TASK DESCRIPTION
Please copy every line below that contains the string "Foto".

EXERCISE INPUT
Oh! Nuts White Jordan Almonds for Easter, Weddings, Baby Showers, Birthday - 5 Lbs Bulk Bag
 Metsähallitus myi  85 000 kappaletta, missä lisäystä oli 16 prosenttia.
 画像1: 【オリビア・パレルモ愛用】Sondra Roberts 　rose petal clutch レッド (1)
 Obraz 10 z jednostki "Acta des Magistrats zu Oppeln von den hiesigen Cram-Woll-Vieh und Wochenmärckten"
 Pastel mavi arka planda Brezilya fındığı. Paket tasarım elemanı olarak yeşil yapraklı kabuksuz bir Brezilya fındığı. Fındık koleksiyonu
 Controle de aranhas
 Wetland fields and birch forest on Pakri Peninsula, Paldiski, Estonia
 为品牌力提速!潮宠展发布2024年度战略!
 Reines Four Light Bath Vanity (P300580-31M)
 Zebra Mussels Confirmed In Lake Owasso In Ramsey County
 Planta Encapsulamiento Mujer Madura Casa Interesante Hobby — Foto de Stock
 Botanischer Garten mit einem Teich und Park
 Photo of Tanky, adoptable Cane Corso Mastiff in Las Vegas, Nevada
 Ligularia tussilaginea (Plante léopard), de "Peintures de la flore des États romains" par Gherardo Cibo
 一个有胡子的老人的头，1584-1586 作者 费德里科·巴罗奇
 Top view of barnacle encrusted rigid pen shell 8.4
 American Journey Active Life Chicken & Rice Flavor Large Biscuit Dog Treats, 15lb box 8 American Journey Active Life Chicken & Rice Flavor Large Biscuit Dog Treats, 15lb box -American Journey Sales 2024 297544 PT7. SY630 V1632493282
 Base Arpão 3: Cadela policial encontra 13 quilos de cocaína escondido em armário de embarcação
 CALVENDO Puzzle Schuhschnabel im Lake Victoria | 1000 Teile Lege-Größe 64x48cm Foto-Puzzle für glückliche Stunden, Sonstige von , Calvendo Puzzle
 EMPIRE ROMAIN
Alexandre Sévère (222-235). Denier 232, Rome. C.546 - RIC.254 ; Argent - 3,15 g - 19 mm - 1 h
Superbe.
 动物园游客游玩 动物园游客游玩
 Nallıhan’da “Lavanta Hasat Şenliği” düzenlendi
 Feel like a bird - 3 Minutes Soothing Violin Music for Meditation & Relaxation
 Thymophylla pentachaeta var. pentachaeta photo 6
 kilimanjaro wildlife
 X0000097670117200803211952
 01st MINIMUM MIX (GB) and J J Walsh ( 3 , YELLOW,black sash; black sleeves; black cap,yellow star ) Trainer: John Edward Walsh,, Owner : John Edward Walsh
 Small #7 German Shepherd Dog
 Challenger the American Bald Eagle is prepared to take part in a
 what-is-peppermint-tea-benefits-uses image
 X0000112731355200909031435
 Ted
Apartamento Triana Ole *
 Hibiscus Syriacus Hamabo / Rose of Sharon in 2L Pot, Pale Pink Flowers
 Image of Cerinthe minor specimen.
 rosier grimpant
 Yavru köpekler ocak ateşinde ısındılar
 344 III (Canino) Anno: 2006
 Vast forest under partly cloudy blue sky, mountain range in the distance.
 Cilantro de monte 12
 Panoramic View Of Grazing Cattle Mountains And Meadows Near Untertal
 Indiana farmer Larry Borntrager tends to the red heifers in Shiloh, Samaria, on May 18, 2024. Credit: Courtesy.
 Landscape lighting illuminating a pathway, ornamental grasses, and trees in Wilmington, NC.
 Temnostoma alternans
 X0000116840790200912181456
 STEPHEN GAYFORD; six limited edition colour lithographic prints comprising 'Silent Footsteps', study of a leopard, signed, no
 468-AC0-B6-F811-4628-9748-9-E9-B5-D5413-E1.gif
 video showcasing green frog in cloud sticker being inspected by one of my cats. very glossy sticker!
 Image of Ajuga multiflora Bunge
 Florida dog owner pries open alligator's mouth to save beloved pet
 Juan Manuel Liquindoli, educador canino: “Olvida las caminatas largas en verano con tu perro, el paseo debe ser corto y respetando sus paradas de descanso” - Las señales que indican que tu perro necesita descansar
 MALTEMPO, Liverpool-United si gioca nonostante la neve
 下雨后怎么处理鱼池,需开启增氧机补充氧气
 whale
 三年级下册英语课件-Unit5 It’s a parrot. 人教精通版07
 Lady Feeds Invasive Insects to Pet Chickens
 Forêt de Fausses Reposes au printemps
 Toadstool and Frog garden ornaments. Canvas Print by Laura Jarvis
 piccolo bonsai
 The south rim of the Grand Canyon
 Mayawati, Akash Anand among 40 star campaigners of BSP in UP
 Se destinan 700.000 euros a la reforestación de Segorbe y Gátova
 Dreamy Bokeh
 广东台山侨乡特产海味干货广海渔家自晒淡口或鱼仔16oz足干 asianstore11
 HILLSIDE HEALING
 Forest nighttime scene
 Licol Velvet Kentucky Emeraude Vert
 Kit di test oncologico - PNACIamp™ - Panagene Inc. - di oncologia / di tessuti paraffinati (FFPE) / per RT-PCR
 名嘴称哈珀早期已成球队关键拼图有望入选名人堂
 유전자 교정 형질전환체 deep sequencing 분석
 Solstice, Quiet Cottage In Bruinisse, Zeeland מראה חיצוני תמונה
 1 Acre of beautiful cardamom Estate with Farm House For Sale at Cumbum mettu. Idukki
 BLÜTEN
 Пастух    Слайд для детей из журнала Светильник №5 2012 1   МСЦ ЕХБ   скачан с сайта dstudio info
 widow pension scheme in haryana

EXERCISE OUTPUT
 Planta Encapsulamiento Mujer Madura Casa Interesante Hobby — Foto de Stock
 CALVENDO Puzzle Schuhschnabel im Lake Victoria | 1000 Teile Lege-Größe 64x48cm Foto-Puzzle für glückliche Stunden, Sonstige von , Calvendo Puzzle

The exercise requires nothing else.